### TASK INPUT
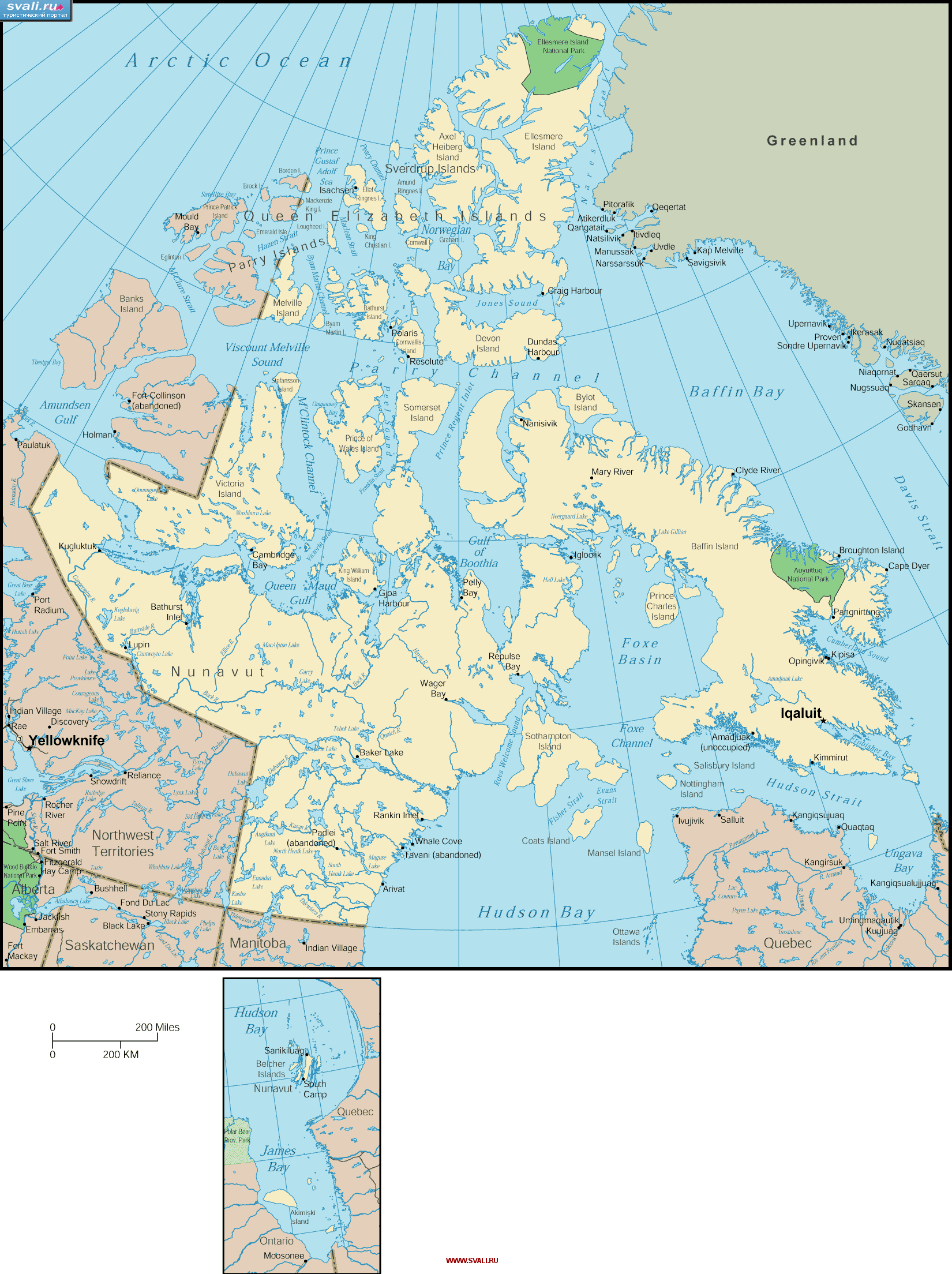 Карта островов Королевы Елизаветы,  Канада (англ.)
---
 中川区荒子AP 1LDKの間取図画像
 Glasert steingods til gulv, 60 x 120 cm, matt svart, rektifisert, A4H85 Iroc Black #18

### WORK TO COMPLETE
Give only the lines from the one holding "中川区荒子AP 1LDKの間取図画像" through the one holding "Glasert steingods til", each restated exactly as it appears above.

### REPLY
 中川区荒子AP 1LDKの間取図画像
 Glasert steingods til gulv, 60 x 120 cm, matt svart, rektifisert, A4H85 Iroc Black #18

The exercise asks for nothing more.